Cycling chief to advise England penalty strategy
England manager Roy Hodgson is considering employing the services of a sports psychologist to help his players conquer their perennial penalty shoot-out jitters.
The Three Lions' spot-kick defeat to Italy at the 2012 European Championships - under Hodgson's supervision - was their sixth in seven attempts at the mini-game in major tournaments.
So as preparations continue in earnest for England's forthcoming World Cup campaign in Brazil, he is especially keen to see those players who suffer from what he calls a fear of "the next morning's headlines'' cured.
The veteran coach, who this week names a squad to face Denmark in a Wembley friendly, confirmed players would be intensely drilled in scoring from 12 yards at their pre-finals training camp in Portugal, but conceded bringing a professional sports psychologist along could be similarly effective.
Speaking to Sky Sports' Footballers' Football Show, he said: "We are considering the possibility of inviting someone with us but it would have to be someone accepted by the group.

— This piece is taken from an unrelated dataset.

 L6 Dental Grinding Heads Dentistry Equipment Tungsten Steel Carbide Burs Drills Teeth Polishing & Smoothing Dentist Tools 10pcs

"I'm not sure shipping someone in to give the players a lecture will work. It will have to be somebody who gets to know them.
"I think there's a possibility that we should just be encouraging players to know their penalty, to practise their penalty.
"We might have one or two very confident penalty-takers, but there are others who are a bit less confident and it's a matter of how we get to them.
"We need to know that when they go up they are as well prepared as they can be.
"It will be about their character, their confidence and their ability to block out the next morning's headlines.
"If a psychologist can find a way to block that out then we'd be very, very happy.''
Hodgson must submit his final 23-man selection for the Brazil finals on June 2 and, to ensure he has not left anyone deserving behind, he will give seven 'fringe' players the chance to prove they merit a place on the plane.
The Three Lions will train in Portugal's warm weather for five days in mid-May before seven players are cut from contention when England return to Wembley to play Peru in a friendly.
"We will definitely take 30 players when we go to Portugal and we'll keep those players until we play the friendly with Peru,'' he added.
"But (before Portugal) I'll name the 23 and then name the seven who, at that moment, are not going to be in the final 23.
"In that way I put my cards on the table a bit earlier than I need to.
"We're taking 30 players with us but several will know that, in my thinking, they've got to go there as standby players.''
Once the 23-man squad is finalised, England fly to Miami for warm-up friendlies against Ecuador and Peru before facing Italy in their first World Cup group game on June 14.